Other big adventures of the last two weeks:

  • Attending a professional soccer game (Liga, the best team in Ecuador, vs. Palmeiras, one of the Brazilian clubs) with Angella and my professor Fredy. Before the game, Fredy spent part of my class teaching me the Liga fight songs. We then got to the game hours early to get seats right behind the goal and right next to a huge base drum with an enormous guy pounding it with all his might (yeah, for those who make fun of my over cautiousness, I definitely held my ears for a while). I quickly discovered the joys of South American football—singing songs and jumping up and down the entire game, laughing at the toilet paper and confetti flung onto the field, and loving fans running around with torches and people climbing the fence around the field whenever goals were scored. We enjoyed drinks, hotdogs, and a great game of soccer that ended with Liga scoring a sweet goal to win it 3-2. (if you want to see the goal and the area where we are sitting behind it, check out this video on youtube-- http://www.youtube.com/watch?v=yd3_ivlECus&feature=related )



  • Traveling to Otavalo with Amit’s parents and the normal group of friends. Otavalo has the biggest market in Ecuador, full of colorful paintings, scarves, hammocks, and more. I didn’t really buy anything, but enjoyed getting lost in the middle of all the colors. It was also great to catch up some with Amit’s parents before they headed to the Galapagos Islands with Amit and Priyanka the next day. Normally, people make the trek to look out over the two volcanoes and lake in Otavalo, but unfortunately rain changed our plans…
  • Continually debating my new male professor (who is an incredible professor other than this) about some aspects of the Machismo culture here and trying to find creative ways to get him to listen to me. Also getting continually destroyed by his intense teaching methods. One day, I had to do a set of 15 exercises using all different tenses (hard for me) and if I missed a single one, even partially, I had to do 15 more. And on it went until I had done nearly 100…
  • Eating almost daily banana splits with Amit and Angela at the KFC near our school. Seriously, I don’t like KFC that much in the states, but the banana splits at this KFC hit the spot every time…
  • Enjoying the company of Amit’s family. After arriving back from an adventure in the Galapagos, they returned to treat us to Crepes and Waffles, one of my favorite restaurants here…I got to hear some amazing animal stories and we got to hear some interesting medical stories from Amit’s dad (definitely glad I’m not planning to be a doctor).
  • Saying goodbye to the language school. Today, I finished my month of intensive language classes in Quito, which have flown by. I have loved getting to know the professors and other students there, and it reminds me how easily I get connected to people and places. I had the hardest time saying goodbyes to these people I’ve known for four weeks and only with my limited Spanish… I get too attached for sure. But it is amazing how every personality stands out here in some way, and there is something about every person at that school that I’ll remember…

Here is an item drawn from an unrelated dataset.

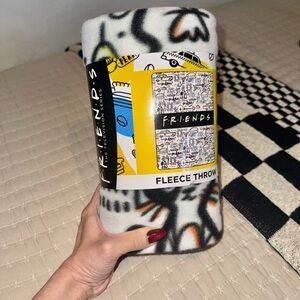 FRIENDS Fleece Throw - White, Black & Yellow Accent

(in the photo: all students and profs at amit's goodbye party). Other than these more newsworthy events, there isn’t too much to report (hoping more reflective stuff is to come). I’ve been searching for jobs for the summer while I still have internet, slowly and painfully learning guitar, taking Salsa lessons every so often, and reading a book about the Lost Boys of Sudan. I began packing this afternoon for the backpacking journey that begins tomorrow—we head to the Quilotoa Loop, a 3ish day hiking adventure around a crater with a beautiful green lake in it, surrounded by snow-capped volcanoes. I have loved my time here, and the Spanish was DEFINITELY essential. But I am ready to get out of the city and begin the next two months. I would love to hear from any and all of you. Thanks to any who have dropped me lines and sorry if I have been delayed responding. Love to you all.